Russia's hudna with the Muslim world

             

 

By Spengler

Janus-like, Russian President Vladimir Putin showed two faces toward Islam last week. In a historic and widely reported visit to Riyadh on February 11, Putin announced that "Russia is determined to enhance cooperation with the Islamic world". As a multi-ethnic and multi-religious country, he added, Russia has long experience in fostering cooperation between faiths and ethnicities, adding, "Russia is bent on pursuing this approach in all regions, including the Middle East and the Gulf."

In an equally historic but little-reported action, on Thursday Putin installed as acting president of Chechnya the strongman Ramzan Kadyrov, whose private army allegedly murders and abducts enemies of the regime with impunity. The son of a Muslim rebel, the bete noire of human-rights advocates, Kadyrov embodies internal policy toward its Muslim population. It is the same policy that Russia pursued these three centuries past.

Russia does not propose to ally with the Muslim world against the United States. Putin's initiative should be thought of as a hudna, a brief truce in a long war. With justification, Putin cites Russia's experience with the Islamic world. It has been enmeshed in imperial ventures on its southern border for 300 years and now stands at the frontier between Islam and the Western world. The new Chechnya offers a likelier model for the new Middle East than the Bush administration's delusional pursuit of democracy. Russian troops killed between 35,000 and 100,000 civilians in the first Chechen war of 1994-96, and half a million were driven from their homes. Dead and displaced Chechens, that is, comprised roughly half the population. Another 5,000 or so died in the second Chechen war of 1999-2000, when Russian forces leveled the capital city, Grozny.
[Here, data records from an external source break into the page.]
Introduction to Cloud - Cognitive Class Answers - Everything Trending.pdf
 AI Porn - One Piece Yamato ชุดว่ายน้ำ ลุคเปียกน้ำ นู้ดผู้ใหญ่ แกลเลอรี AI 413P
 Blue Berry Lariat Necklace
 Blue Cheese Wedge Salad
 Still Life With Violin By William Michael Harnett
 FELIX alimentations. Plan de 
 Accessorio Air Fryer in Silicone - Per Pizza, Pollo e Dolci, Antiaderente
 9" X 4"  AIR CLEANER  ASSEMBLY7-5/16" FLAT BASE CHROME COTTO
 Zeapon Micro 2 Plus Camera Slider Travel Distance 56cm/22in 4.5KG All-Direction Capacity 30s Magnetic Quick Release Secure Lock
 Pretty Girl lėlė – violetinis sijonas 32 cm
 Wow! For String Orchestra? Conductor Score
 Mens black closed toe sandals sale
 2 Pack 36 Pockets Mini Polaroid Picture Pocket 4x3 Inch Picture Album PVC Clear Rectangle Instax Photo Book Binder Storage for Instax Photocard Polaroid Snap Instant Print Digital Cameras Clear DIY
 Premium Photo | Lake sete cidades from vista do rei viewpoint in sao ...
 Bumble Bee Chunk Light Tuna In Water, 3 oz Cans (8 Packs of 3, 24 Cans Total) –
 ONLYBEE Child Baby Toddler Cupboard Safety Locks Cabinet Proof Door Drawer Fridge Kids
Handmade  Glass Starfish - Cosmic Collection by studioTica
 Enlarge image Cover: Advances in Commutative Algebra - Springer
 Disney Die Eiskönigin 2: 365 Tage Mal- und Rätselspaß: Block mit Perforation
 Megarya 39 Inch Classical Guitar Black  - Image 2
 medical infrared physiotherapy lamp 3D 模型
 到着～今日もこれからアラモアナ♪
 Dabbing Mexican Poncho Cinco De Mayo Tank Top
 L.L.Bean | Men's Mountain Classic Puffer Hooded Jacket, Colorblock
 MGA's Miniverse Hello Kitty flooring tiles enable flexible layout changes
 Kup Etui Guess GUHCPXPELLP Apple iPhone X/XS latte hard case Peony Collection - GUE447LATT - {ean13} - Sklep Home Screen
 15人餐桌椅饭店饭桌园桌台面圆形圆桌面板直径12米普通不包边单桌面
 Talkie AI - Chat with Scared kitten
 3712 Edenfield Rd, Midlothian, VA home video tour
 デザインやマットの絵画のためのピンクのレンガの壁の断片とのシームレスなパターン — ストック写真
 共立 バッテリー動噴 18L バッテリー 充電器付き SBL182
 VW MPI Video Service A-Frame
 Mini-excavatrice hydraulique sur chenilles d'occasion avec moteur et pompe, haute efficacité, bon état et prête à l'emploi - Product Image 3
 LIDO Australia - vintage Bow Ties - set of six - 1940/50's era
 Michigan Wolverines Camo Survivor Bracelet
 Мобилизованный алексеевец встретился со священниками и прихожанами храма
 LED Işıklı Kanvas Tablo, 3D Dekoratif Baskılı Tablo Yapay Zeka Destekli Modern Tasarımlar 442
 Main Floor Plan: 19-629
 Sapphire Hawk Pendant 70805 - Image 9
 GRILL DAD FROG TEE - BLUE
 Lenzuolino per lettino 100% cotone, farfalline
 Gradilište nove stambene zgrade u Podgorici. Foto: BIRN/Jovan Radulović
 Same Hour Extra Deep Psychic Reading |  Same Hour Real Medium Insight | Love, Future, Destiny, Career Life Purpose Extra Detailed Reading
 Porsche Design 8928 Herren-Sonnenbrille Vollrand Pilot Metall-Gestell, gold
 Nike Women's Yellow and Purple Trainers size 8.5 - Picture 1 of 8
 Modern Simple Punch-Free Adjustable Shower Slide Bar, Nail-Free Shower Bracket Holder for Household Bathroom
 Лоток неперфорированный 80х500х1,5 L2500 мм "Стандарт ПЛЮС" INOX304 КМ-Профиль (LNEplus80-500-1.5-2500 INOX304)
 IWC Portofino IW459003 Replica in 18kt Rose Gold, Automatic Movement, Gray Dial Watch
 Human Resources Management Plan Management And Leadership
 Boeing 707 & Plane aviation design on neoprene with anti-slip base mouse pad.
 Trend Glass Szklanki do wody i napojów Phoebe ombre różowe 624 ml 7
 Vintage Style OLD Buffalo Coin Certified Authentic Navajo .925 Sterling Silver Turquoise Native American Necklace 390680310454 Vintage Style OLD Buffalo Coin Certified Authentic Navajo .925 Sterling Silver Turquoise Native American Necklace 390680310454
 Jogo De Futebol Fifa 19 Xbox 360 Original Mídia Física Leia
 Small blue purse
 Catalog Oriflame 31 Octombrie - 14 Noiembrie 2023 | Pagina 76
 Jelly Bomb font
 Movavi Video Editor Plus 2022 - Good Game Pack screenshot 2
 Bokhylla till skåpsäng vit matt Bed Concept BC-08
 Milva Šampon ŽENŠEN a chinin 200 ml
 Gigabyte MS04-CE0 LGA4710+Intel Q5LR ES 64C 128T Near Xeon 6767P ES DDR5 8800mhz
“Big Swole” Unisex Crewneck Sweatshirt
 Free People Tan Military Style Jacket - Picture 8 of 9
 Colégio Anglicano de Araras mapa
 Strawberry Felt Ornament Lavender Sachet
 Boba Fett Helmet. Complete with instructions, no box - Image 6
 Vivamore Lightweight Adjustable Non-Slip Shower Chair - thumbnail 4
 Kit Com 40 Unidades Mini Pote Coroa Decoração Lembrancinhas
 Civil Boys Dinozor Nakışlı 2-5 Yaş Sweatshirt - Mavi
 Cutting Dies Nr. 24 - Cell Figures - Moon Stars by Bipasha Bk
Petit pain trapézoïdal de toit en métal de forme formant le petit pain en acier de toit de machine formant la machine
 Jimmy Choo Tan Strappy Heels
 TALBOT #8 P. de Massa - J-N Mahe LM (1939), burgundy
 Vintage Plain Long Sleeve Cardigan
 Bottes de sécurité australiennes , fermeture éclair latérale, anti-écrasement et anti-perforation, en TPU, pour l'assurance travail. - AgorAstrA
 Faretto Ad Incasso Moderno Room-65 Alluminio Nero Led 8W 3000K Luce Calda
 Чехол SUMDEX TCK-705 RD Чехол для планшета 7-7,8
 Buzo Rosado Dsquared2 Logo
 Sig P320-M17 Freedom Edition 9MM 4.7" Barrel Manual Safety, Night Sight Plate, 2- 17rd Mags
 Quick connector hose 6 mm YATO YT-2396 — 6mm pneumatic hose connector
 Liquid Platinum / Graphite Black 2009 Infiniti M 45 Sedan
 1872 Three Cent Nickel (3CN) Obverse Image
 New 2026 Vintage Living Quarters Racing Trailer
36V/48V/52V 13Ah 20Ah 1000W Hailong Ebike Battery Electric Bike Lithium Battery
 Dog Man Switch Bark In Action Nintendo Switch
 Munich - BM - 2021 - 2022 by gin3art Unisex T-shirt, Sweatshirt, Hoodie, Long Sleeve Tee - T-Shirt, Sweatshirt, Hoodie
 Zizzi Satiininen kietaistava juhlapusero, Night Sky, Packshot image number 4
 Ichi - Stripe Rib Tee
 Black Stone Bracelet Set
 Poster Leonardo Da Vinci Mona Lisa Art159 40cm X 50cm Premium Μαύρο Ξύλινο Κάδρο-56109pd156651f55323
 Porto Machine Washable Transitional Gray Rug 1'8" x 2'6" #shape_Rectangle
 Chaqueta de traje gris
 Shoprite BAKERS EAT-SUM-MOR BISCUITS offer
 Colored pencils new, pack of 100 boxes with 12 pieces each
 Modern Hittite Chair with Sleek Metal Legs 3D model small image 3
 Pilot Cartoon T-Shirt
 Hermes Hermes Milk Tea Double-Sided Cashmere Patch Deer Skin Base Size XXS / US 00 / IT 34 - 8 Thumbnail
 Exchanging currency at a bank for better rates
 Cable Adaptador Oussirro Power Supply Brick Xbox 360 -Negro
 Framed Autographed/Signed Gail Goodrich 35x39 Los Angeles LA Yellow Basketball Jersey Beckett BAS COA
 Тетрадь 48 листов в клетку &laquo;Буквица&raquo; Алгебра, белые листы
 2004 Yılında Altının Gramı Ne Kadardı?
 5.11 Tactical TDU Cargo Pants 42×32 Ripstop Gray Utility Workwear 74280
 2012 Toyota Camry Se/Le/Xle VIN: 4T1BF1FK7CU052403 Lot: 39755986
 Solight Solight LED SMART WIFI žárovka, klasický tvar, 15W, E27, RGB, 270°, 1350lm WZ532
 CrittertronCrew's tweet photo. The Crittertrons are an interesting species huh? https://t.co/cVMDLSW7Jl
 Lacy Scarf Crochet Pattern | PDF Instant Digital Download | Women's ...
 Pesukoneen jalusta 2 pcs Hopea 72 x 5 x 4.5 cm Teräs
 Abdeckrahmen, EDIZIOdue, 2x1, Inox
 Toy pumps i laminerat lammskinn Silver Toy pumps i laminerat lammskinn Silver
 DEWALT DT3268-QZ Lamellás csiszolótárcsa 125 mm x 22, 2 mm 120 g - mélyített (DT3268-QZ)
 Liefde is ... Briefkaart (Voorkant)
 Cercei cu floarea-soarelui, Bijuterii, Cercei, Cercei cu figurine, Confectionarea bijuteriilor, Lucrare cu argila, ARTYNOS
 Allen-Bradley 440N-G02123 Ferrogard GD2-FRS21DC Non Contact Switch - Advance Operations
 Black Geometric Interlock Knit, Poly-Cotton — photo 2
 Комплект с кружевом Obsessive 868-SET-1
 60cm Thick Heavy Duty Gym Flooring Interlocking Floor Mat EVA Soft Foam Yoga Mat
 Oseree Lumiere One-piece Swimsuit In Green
In Kadyrov Russia has found a local overlord who actually will do what the late Israeli prime minister Yitzhak Rabin vainly hoped that Yasser Arafat would do: deal swiftly of the local hotheads who get out of line. Putin and his colleagues have bested Israel's death toll during the Palestinian intifadas by two orders of magnitude. Putting Kadyrov, 30, in charge of what remains of Chechnya adds insult to injury.

Putin's pragmatism with respect to the human rights of Russian Muslims detracted not a whit from the festivities in Riyadh, because issues of principle have no place whatever in Middle Eastern politics. "I see in Putin a statesman and a man of peace and fairness," said King Abdullah to the official Saudi Press Agency before the visit. "That's why the Kingdom of Saudi Arabia extends a hand of friendship to Russia."

Loyalties do not extend beyond clan and family, and the rest is a matter of opportunity, guile and maneuver. That is how business is done in that part of the world. You embrace your worst enemy when you are too weak to fight him, and you annihilate him when opportunity presents itself. When you have winnowed his ranks sufficiently to convince him that he is too weak to fight you, you embrace him once again. It is the sort of dirty work to which Americans are unaccustomed, but for which the Russians have had centuries of practice.

For the moment, Russia and Saudi Arabia have a pressing interest in common, namely avoiding a US (or Israeli) military strike against Iran. Neither is prepared to deal with the consequences. Saudi Arabia fears for the loyalties of its own Shi'ites, and Russia fears for the stability of its southern borders. It might seem that Russia would benefit from hostilities in the Persian Gulf, which would increase the oil price as well as Russia's own leverage in the international oil market. But the strategic issues override this apparent economic advantage. A nuclear-armed Iran is the last thing Russia wants, but Moscow is not prepared - yet - to confront the consequences of a general destabilization of its soft, Muslim-majority underbelly.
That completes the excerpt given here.